We want to select 50 datapoints of the 500 datapoints in SWEBench-verified such that:
- The marginal distribution of important scores (performance, test pass rates, difficulty) are similar to the full dataset.
- The overall storage sizes of the dataset is minimized. SWEBench-verified requires 130GB or 260GB of storage (depending on whether you want to create both arm64 and x86_64 versions of the docker environments). This is because you need to create 40 different docker environments. We want to find a subset of SWEBench-verified that is a good proxy while using as few docker environments as possible to minimize storage size.
We first run k-means clustering on all datapoints. We then use Linear Programming to select the 50 datapoints such that the storage size is minimized while keeping the distribution of scores (performance, test pass rates, difficulty) similar to the full dataset my making sure that the k-meansclusters are proportional to the full dataset.

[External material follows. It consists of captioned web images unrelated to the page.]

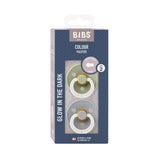 BIBS 2-Pack Colour Glow Pacifiers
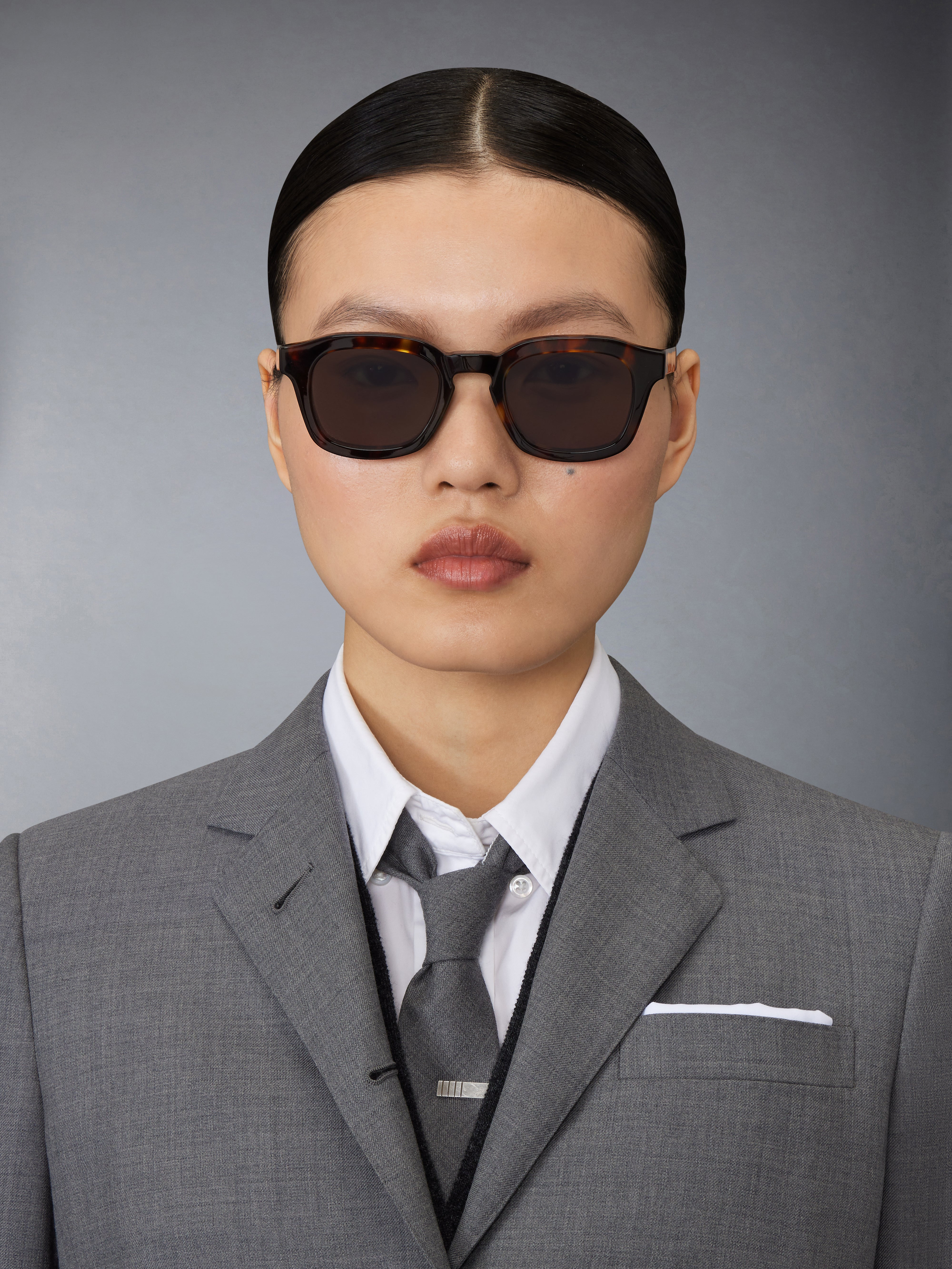 Acetate Rectangular Sunglasses - 2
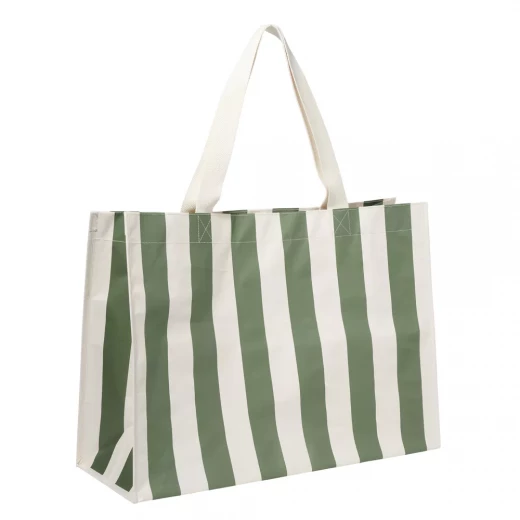 SUNNY LiFE The Vacay Carryall Beach Bag Olive Stripe Oversized Waterproof Durable with Detachable Pouch and Drainage Holes - Sunny life - Image 5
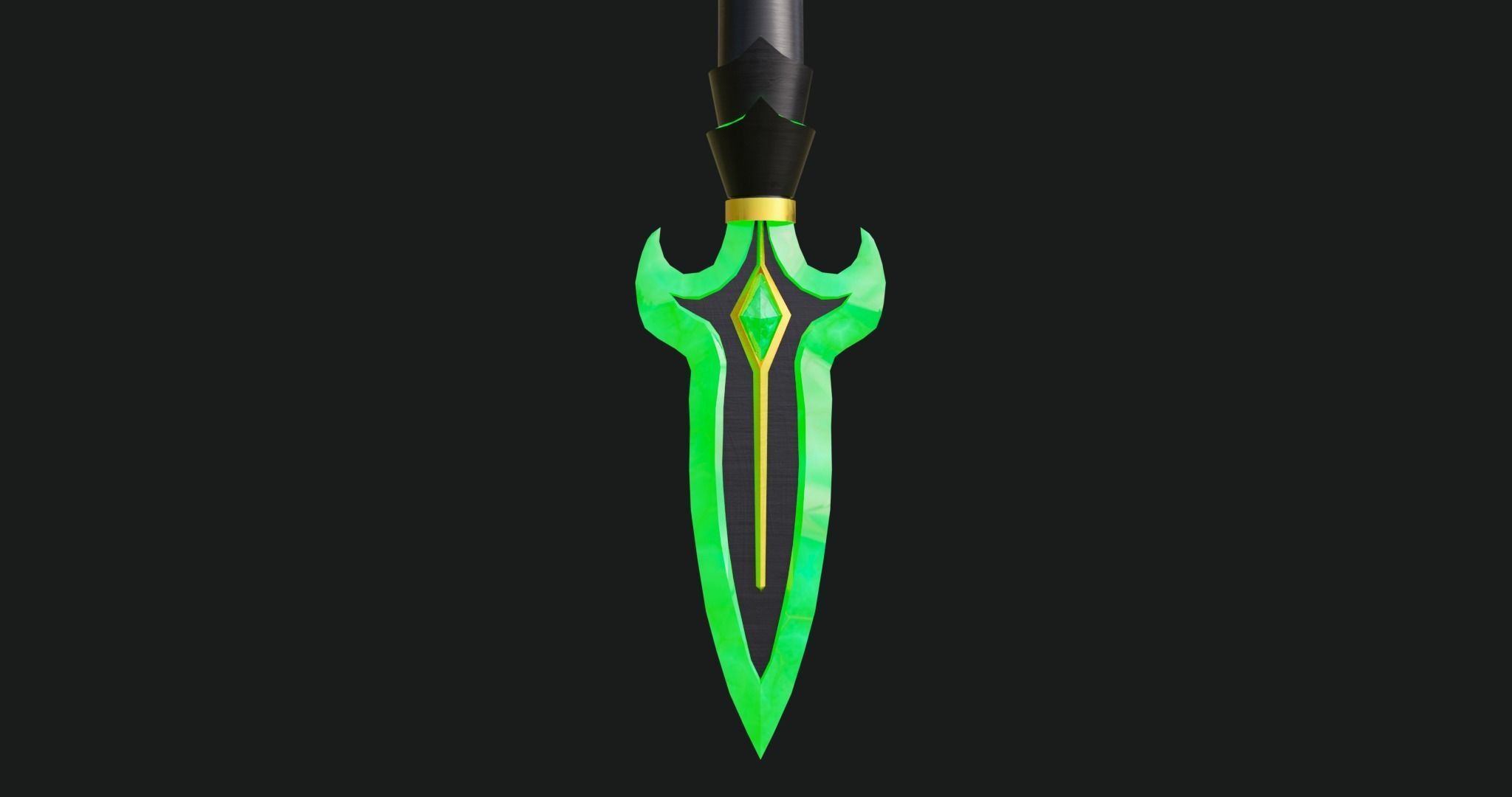 Fantasy Spear Glow 10 Game-Ready PBR Textures Included Low-poly 3D model_25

If you want to run the code, you can either run the file run_all.py
or run the individual files. We provide the .eval
files of 16 model runs on the full SWEBench-verified dataset to the logs
folder. If you want to run this for your own evals, you can add your own .eval
files to the logs
folder. We have not tried very hard to elicit maximal performance from the models and instead focused on comparability between runs.
If you want to run the individual files, you have to start with get_docker_image_sizes.py
and extract_data_from_logs.py
. These are data wrangling scripts.
Then you can run add_metadata_to_data.py
and generate_subsets.py
.
If you want to compare the generated subsets, you can run compare_subsets.py
.
Finally, you can run make_new_huggingface_dataset.py
to create the new dataset.
Note that the code is fairly hacky and has not been optimized for usability.
I found installing SWEBench on my Mac to be a pain. For some reason, the installation keeps hanging constantly and I needed to manually restart it a lot of the time. It also takes 130GB (or 260GB if you install environments for both arm64 and x86_64) of storage.
If you want to install the full SWEBench, you should go into your Docker Desktop settings to Resources and increase memory limit, swap and virtual disk limit. In the General tab, you might also want to go to Virtual Machine Options, select Apple Virtualization Framework and tick "Use Rosetta for x86_64/amd64 emulation on Apple Silicon".
Finally, I went into the file /Users/<user>/miniconda3/envs/<env>/lib/python3.12/site-packages/swebench/harness/test_spec.py
and hardcoded the selection because I think the code decided to install both arm64 and x86_64 environments.
# remove platform selection as quick fix
# if platform.machine() in {"aarch64", "arm64"}:
# # use arm64 unless explicitly specified
# arch = "arm64" if instance_id not in USE_X86 else "x86_64"
# else:
# arch = "x86_64"
# and replace with always selecting x86_64 or arm64
arch = "x86_64" # Always use x86_64 regardless of platform; I chose x86_64 because that's recommended in the official repo despite having an M2 chip.
# arch = "arm64" # Always use arm64 regardless of platform
I have not investigated this in a lot of detail, so it's possible that I'm making things more complicated than they need to be.